In this section, Gamble also discusses tempering, whereby we use training to impart strength and toughness into the athletes we work with. By applying stress to our athletes, we can drive positive adaptations. This means that we might have to reconsider some commonly held beliefs. For example, when it comes to training loads, we are typically counselled to avoid any major spikes. However, Gamble writes that something without any tolerance for deviation from normal is a fragile system; so, by attempting to reduce any unpredictability, we’re actually harming our athlete’s performance longer-term. Utilizing both variability and volatility in our program, therefore, allows us to create performers who are both future-proof and highly adaptive—similar to the worst case scenario approach to developing training programs.Something without any tolerance for deviation from normal is a fragile system; so, by attempting to reduce any unpredictability, we’re actually harming our athlete’s performance longer-term. Click To Tweet
4. Managing the Self
The importance of this is identified in the section introduction, where Gamble writes: “Our physical and mental wellbeing is integral to our ability to fulfil the requirements of our role in service of athletes; we have an obligation to fulfil these responsibilities.”
This underpins the importance of taking care of ourselves so that, like our athletes, we can perform at the highest level. It also relates to knowing how to get the best out of ourselves, including self-improvement. Whole chapters are devoted to navigating the information age and the importance of sleep—two aspects all coaches potentially vie with from time to time.
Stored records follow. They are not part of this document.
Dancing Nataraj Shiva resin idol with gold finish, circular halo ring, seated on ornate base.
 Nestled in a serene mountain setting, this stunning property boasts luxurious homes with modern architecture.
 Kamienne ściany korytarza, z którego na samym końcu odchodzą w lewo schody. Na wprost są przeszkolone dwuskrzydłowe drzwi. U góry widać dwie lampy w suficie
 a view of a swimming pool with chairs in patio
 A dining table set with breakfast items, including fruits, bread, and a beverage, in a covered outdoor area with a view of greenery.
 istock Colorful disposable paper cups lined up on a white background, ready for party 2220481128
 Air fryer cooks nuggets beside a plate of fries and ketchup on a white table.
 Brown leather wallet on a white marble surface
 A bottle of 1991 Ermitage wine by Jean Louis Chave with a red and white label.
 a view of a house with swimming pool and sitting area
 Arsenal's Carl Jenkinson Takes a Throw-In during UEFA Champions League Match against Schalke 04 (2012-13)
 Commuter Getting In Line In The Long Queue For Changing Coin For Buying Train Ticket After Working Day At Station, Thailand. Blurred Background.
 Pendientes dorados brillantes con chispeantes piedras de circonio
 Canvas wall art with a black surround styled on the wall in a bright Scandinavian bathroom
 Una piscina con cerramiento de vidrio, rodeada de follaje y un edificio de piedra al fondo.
The final chapter outlines how stress affects our ability to think clearly—something which affects us all with increasing regularity—and provides some strategies we can use to optimize our own performance under stress and pressure.
A Spot in Your HP Library
Prepared was the best book I read in 2020. Ensuring we understand that coaching is much more than just technical knowledge, and then taking steps to ensure we’re taking care of the other aspects, is a crucial yet potentially under-explored area of understanding when it comes to optimizing human performance.
In Prepared, Gamble provides a clear framework to begin thinking about some of these issues and considering how to implement them in our practice. I got so much from the book when I first read it and, going over my notes when writing this article, I was reminded of even more practical take-homes. The reference list alone is worth the price of the book and taking time to go through some of the papers and resources listed there will expose you to many new ideas and ways of thinking. As I said at the start, I came across this book at the time of my life where I was primed to get the most out of it—if you’re involved in coaching in any capacity, there will be a lot you can take from it as well.